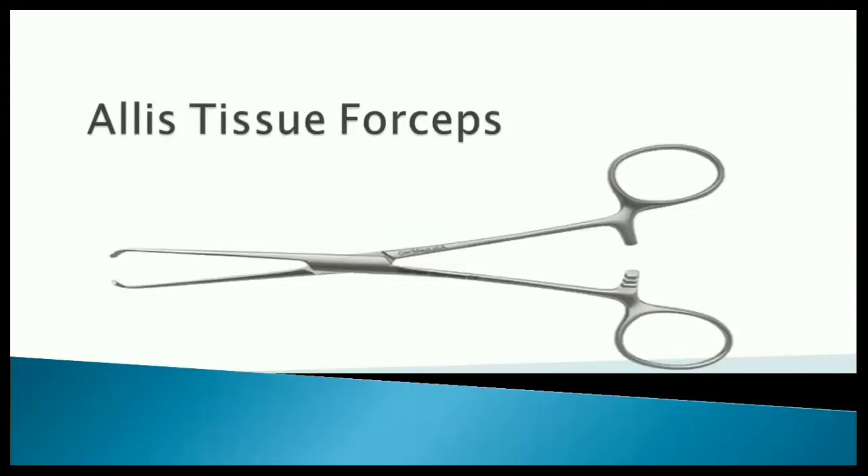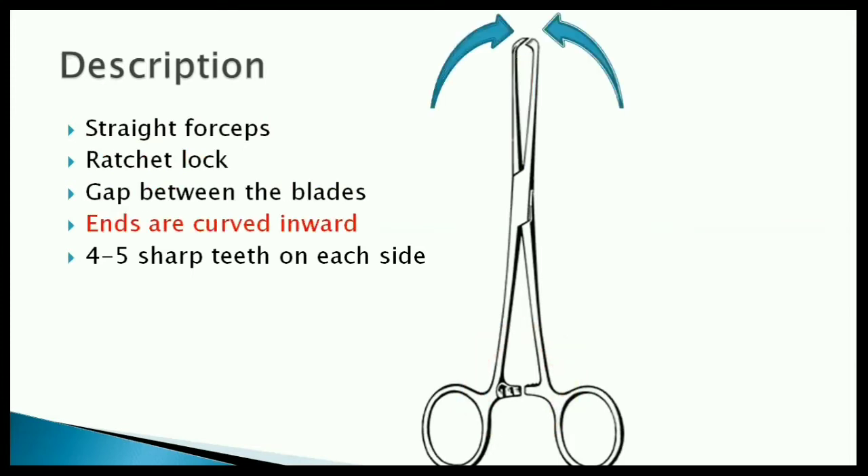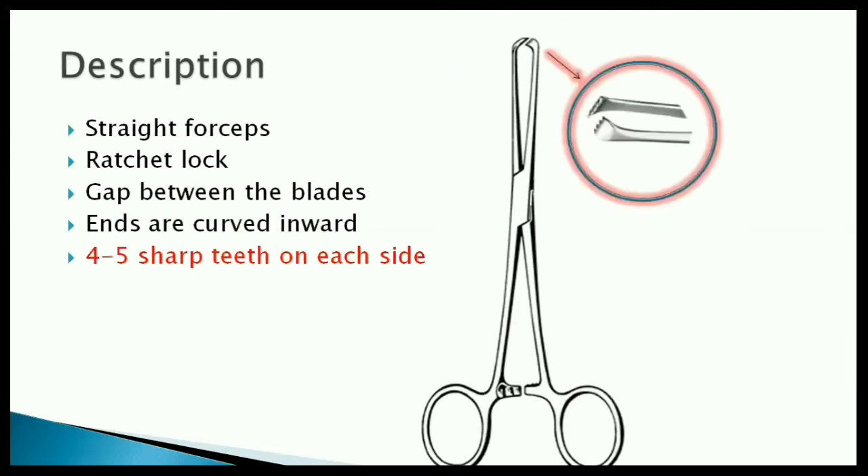Alice Tissue Forceps. It's a long forceps with a ratchet lock at the proximal end. There's a gap between its blades. The blades are curved inward at the ends and have four to five sharp teeth on each side.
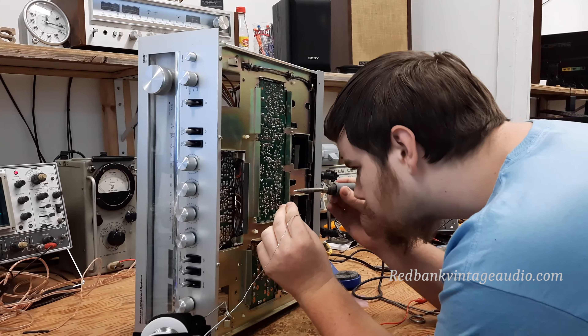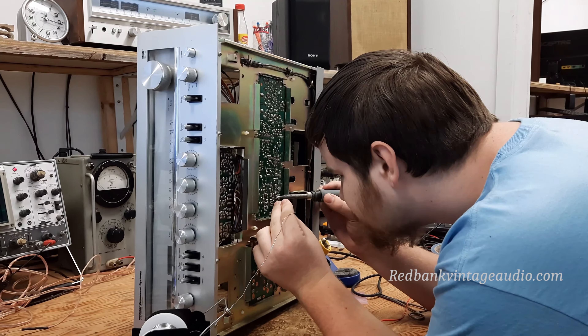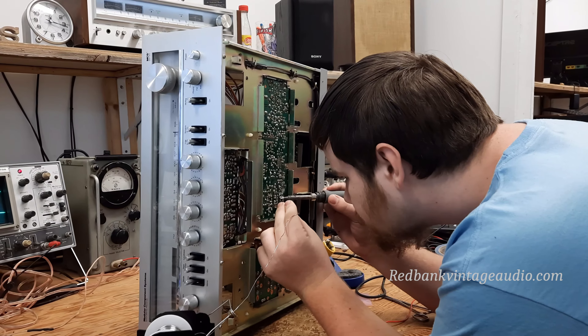I remember when I was that young and could solder up close with my bare eyes. That was about 500 years ago.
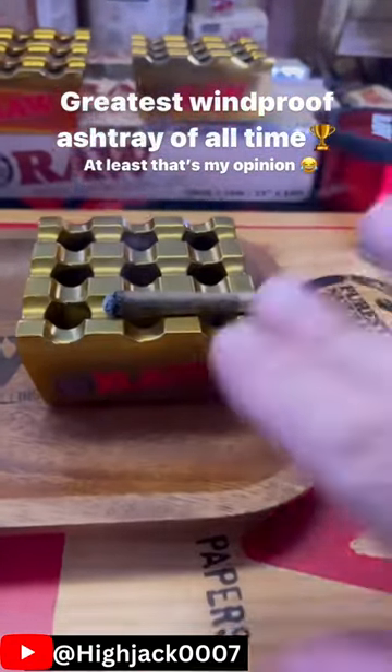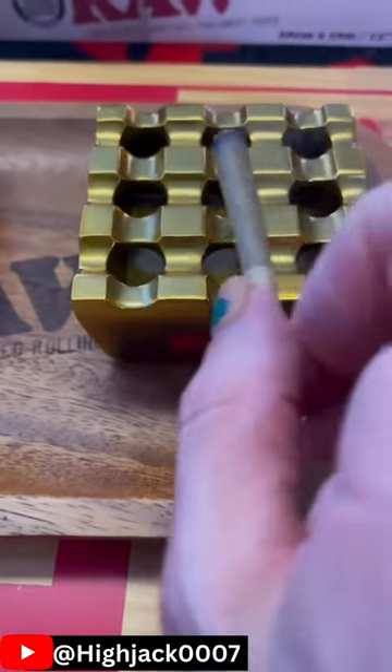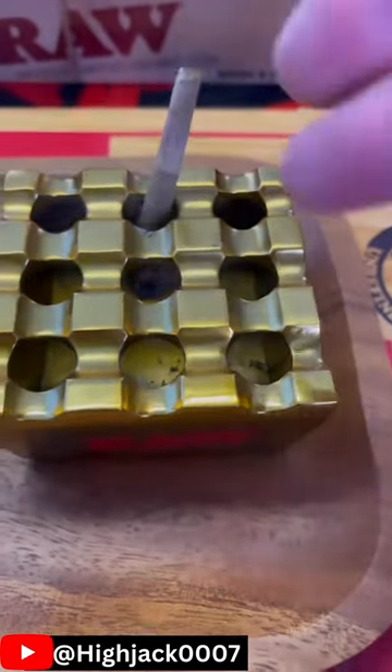This is my favorite windproof ashtray of all time, and I'm bringing it back! It's called the Van Ash, and it features a grid pattern on top that gives you 12 different places to lay your leftovers and 9 different holes to either grind or put it out!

========

• _Task statement_:
Repeat the listing exactly, pictures excluded.

• _Problem solution_:
Alice Tissue Forceps. It's a long forceps with a ratchet lock at the proximal end. There's a gap between its blades. The blades are curved inward at the ends and have four to five sharp teeth on each side.
I remember when I was that young and could solder up close with my bare eyes. That was about 500 years ago.
This is my favorite windproof ashtray of all time, and I'm bringing it back! It's called the Van Ash, and it features a grid pattern on top that gives you 12 different places to lay your leftovers and 9 different holes to either grind or put it out!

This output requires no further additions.